2 L2 Pronunciation Teaching and Assessment

The last 20 years have witnessed a paradigm shift in the goals of L2 pronunciation teaching as numerous renowned research studies in the field have given precedence to intelligibility and comprehensibility over those of nativeness or the eradication of a foreign accent (Derwing & Munro, 2009, 2015; Levis, 2005, 2018). Research findings have shown that pronunciation is a vital component of communicative competence and as such it should be given high priority in the L2 classroom (Morley, 1991). Provided that learners are intelligible and easy to understand, their pronunciation will not obstruct communication. Levis (2005) classified L2 pronunciation teaching into two main categories: teaching that follows the Nativeness Principle and teaching that follows the Intelligibility Principle. The first category comprises pronunciation instruction whose main goal is to push students to achieve a native-like pronunciation, while the second refers to speech that listeners can comfortably understand despite having some traces of local or regional accent coming from the speaker’s L1.

Munro and Derwing (1995) and Derwing and Munro (1997) presented three different dimensions of L2 speech. They refer to intelligibility as the extent to which a listener understands L2 speech. They define comprehensibility in regard to the measure of how easy or difficult it is for the listener to understand L2 speech; that is, the cognitive effort required by the listener to understand. Lastly, they define accentedness as differences between speakers’ and listeners’ speech production of sounds and sound patterns. Accent is partly independent from intelligibility and comprehensibility (Trofimovich & Isaacs, 2012). Although accent is perceptively evident, it does not necessarily obstruct understanding (Derwing & Munro, 2009, 2015). Frequently, it is difficulties with intelligibility and/or comprehensibility that may cause problems for understanding. This suggests that the main goal for L2 pronunciation teaching should be to focus on those features of pronunciation that may cause problems for understanding, unless the learner’s speech is already very clear.
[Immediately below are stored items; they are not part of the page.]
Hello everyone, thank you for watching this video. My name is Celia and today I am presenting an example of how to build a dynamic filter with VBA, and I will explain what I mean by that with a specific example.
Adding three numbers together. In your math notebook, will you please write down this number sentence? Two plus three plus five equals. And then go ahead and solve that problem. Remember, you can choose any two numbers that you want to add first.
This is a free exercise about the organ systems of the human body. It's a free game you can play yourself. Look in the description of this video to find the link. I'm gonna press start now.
Many studies examine the comparative efficacy of L2 pronunciation teaching for either segmental (sounds) or suprasegmental features (stress, rhythm and intonation). While various researchers show that sounds are easier to teach and learn (Levis, 2005; Saito, 2014), others claim that suprasegmental-based instruction has an influence on comprehensibility (Derwing et al., 1998; Gordon et al., 2013; Hahn, 2004; Isaacs & Trofimovich, 2012; Kang et al., 2010; McNerney & Mendelsohn, 1992; Munro, 1995; Saito & Saito, 2017). As for the different aspects that make up the suprasegmentals in English, it is known that the protagonist is nuclear stress. This salient prosodic feature plays a decisive role in producing textual cohesion and in sequencing a hierarchical organization of discourse. Nuclear stress points to new and contrastive information and data that are not available for the listener to retrieve from the context or prior knowledge (Bardovi-Harlig, 1986; Halliday, 2013; Pennington & Richards, 1986; Sperber & Wilson, 1986).
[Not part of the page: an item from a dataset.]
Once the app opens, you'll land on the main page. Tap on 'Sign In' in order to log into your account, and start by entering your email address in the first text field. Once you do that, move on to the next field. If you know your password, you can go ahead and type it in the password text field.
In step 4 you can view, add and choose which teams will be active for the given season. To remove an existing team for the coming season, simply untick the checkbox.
Many L2 learners have difficulty learning how to use nuclear stress in English. They often display two major problems: stressing almost all words in an utterance without signaling one major prominent stress, and/or misplacing nuclear stress (Field, 2005; Hahn, 2004). When nuclear stress is misplaced, sentence processing for the listener becomes more difficult, thus compromising comprehensibility (Birch & Clifton, 1995; Kang et al., 2010; Tajima et al., 1997; Terken & Hirschberg, 1994; Winters & O’Brien, 2013). Non-native speakers’ intonation, for example, seems to be a crucial factor in native listeners’ understanding, as tone choice and location can affect both perceived information structure and pragmatic cues in L2 discourse (Kang et al., 2010).

Numerous research studies show that prosodic features have a strong impact on L2 oral performance assessment (Anderson-Hsieh et al., 1992; Derwing et al., 1998; Isaacs & Trofimovich, 2012; Kang, 2012; Kang & Johnson, 2018; Kang et al., 2010; Saito, 2014). While most of these investigations explore different linguistic and phonological variables and their correlates with intelligibility and comprehensibility, few of them assess the effects of single parameters of English such as nuclear stress placement (Kang & Johnson, 2018) and their relationship with comprehensibility as predictors of L2 oral development. Therefore, classroom-based studies evaluating the properties of such prosodic features and their relationship with comprehensibility warrant further exploration.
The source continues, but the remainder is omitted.